# New HGVC Resort - Carlsbad



## CaliDave (May 14, 2006)

I confirmed that the new Grand Pacific resort in Carlsbad  "Marbrisa" will be an HGVC resort.. opening in Aug 07

  Also, I was told they are going to see how the relationship works and if it goes well, they are talking about possibly getting all the GPR resorts into HGVC..
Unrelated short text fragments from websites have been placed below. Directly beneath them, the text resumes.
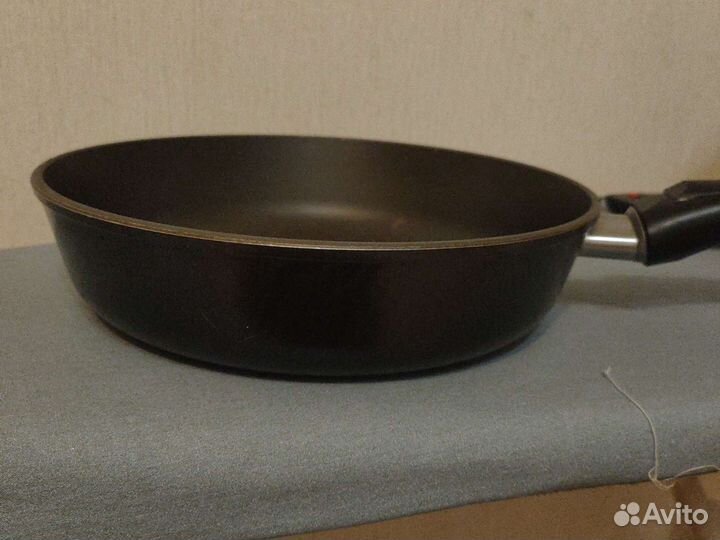 3 штуки.Сковорода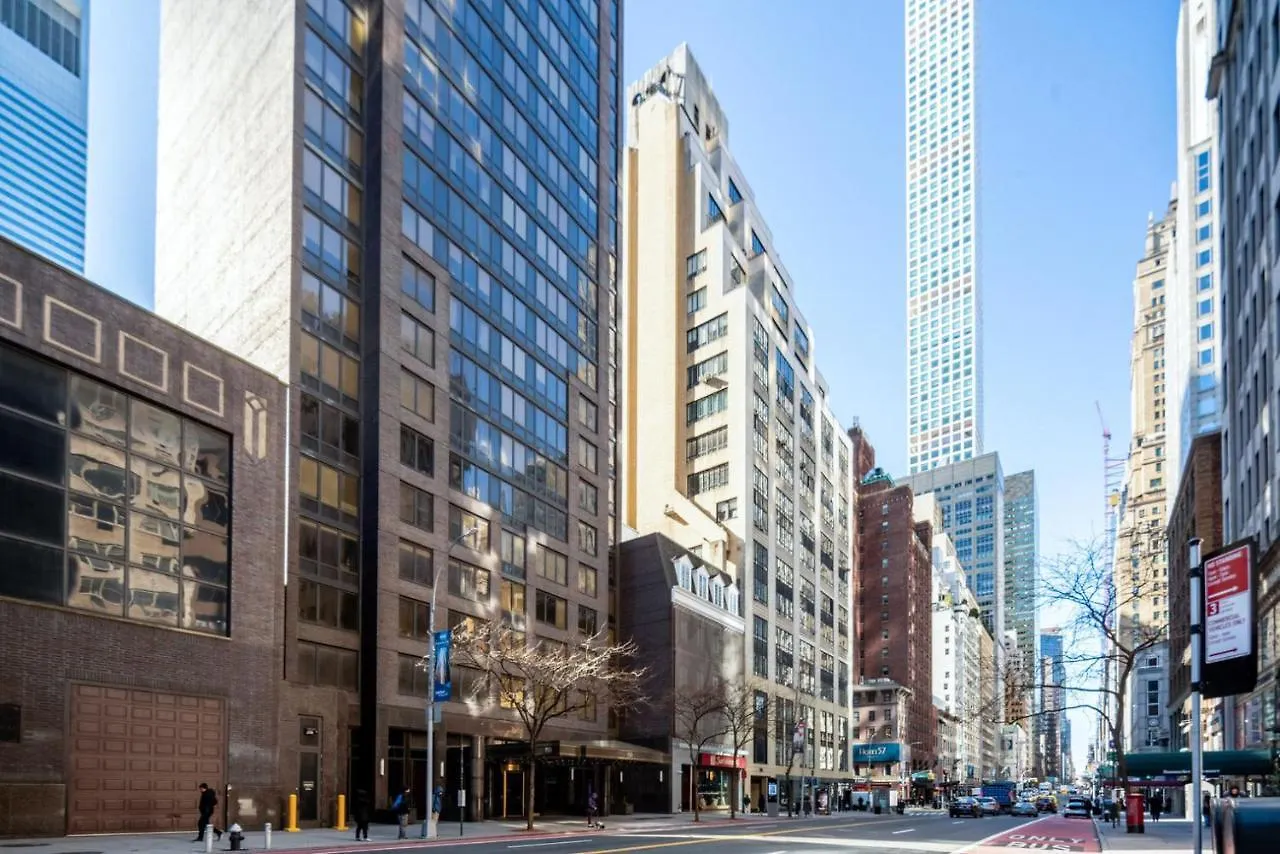 Midtown East 2Br W Doorman Gym Nr Bloomingdales Nyc-1353 Apartment New York United States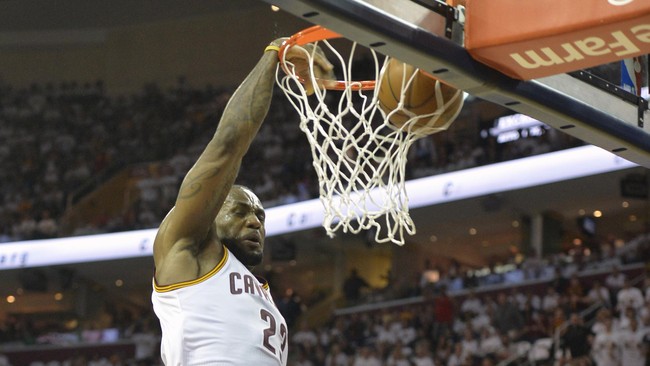 Golden State Warriors perlu fokus membendung small-forward Cleveland Cavaliers, LeBron James, dalam Game 1 final NBA di Oracle Arena besok.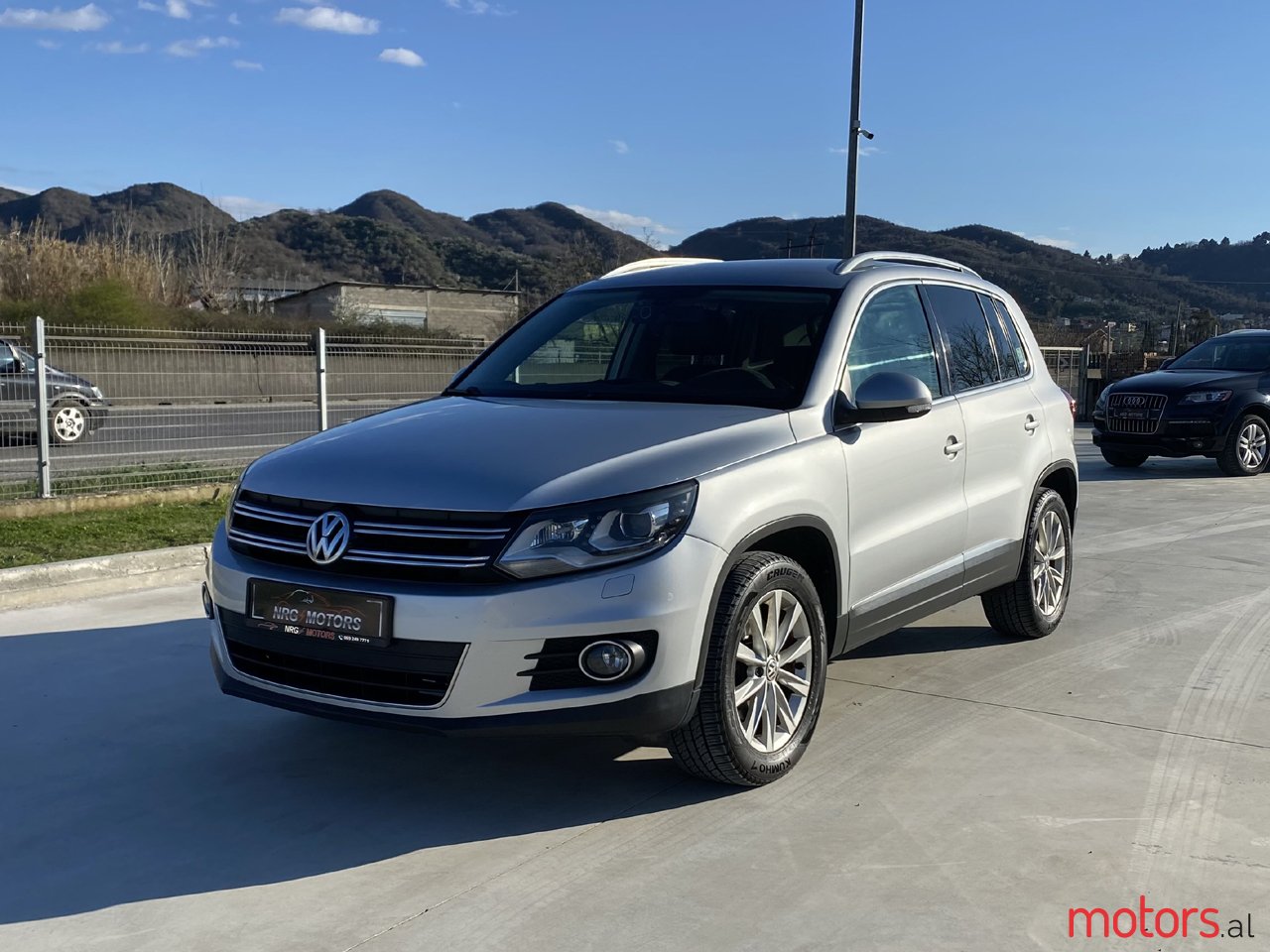 2014' Volkswagen Tiguan photo #1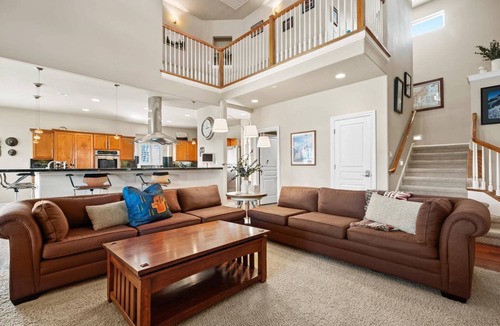 Southeast Boise House | Scenic Serenity in Immaculate Custom Home with Breathtaking Mountain Views & Cozy Fireplace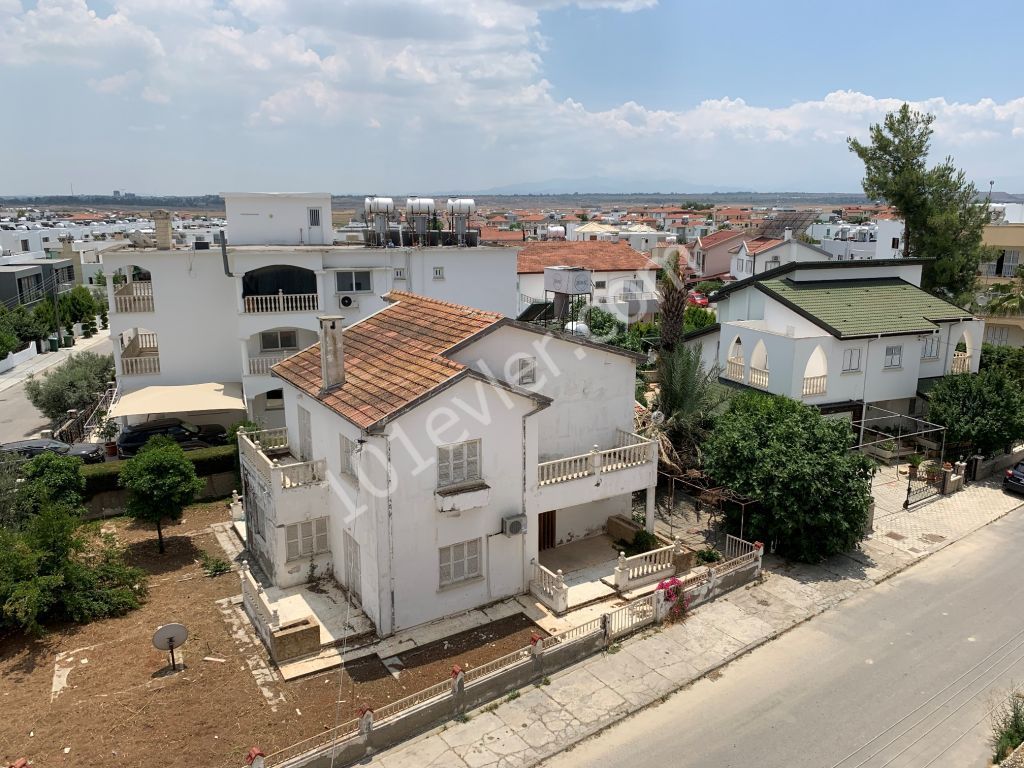 Lefkoşa - Yenikent'te 520 m2 Köşe Arsa Değerinde Metruk Villa Fırsatı!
I think this is great news for GPR and HGVC.. This would be fantastic for HGVC to get all these resorts. In my opinion all the Grand Pacific Resorts in Southern California are top notch and great locations. 

Dave


----------



## short (May 14, 2006)

This is great news.  My family would use it and not just during the summer and not just for weekends.  A large percentage of folks who own in Las Vegas are from CA.  They have a built in sales base of current owners who might like to own in So. Cal.

Short:whoopie:


----------



## Denise L (May 14, 2006)

Do you know where in Carlsbad this will be? Is it a brand new resort?


----------



## CaliDave (May 14, 2006)

deniselew said:
			
		

> Do you know where in Carlsbad this will be? Is it a brand new resort?



It will be a brand new resort, close to legoland. 350 hotel rooms.. branded Sheraton and 350 timeshare rooms with HGVC

They will be lock offs.


----------



## ohioelk (May 14, 2006)

Will this be affiliate or will true HGVC?  Will all the owners be mandatory participants?


----------



## CaliDave (May 14, 2006)

ohioelk said:
			
		

> Will this be affiliate or will true HGVC?  Will all the owners be mandatory participants?



My contact talked as if it will be mandatory HGVC.. but it sounded as if he wasn't really sure how it will work. He said they are having HGVC training on Wednesday. I'd guess he will know more after that.

He really knows almost nothing about HGVC, so I am going to send him the Tug Advice link. 

He was happy to hear that I loved the HGVC points system and product.


----------



## ohioelk (May 14, 2006)

Thanks Dave, this is exciting!  I hope that that is the case.


----------



## jtui (May 14, 2006)

> Originally Posted by *CaliDave*:
> .. branded Sheraton and 350 timeshare rooms with HGVC



OK, now my I'm showing my novice side:  
HGVC/Grand Pacific (trial affiliatiation) I understand...but HGVC and "branded Sheraton"?


----------



## CaliDave (May 15, 2006)

jtui said:
			
		

> OK, now my I'm showing my novice side:
> HGVC/Grand Pacific (trial affiliatiation) I understand...but HGVC and "branded Sheraton"?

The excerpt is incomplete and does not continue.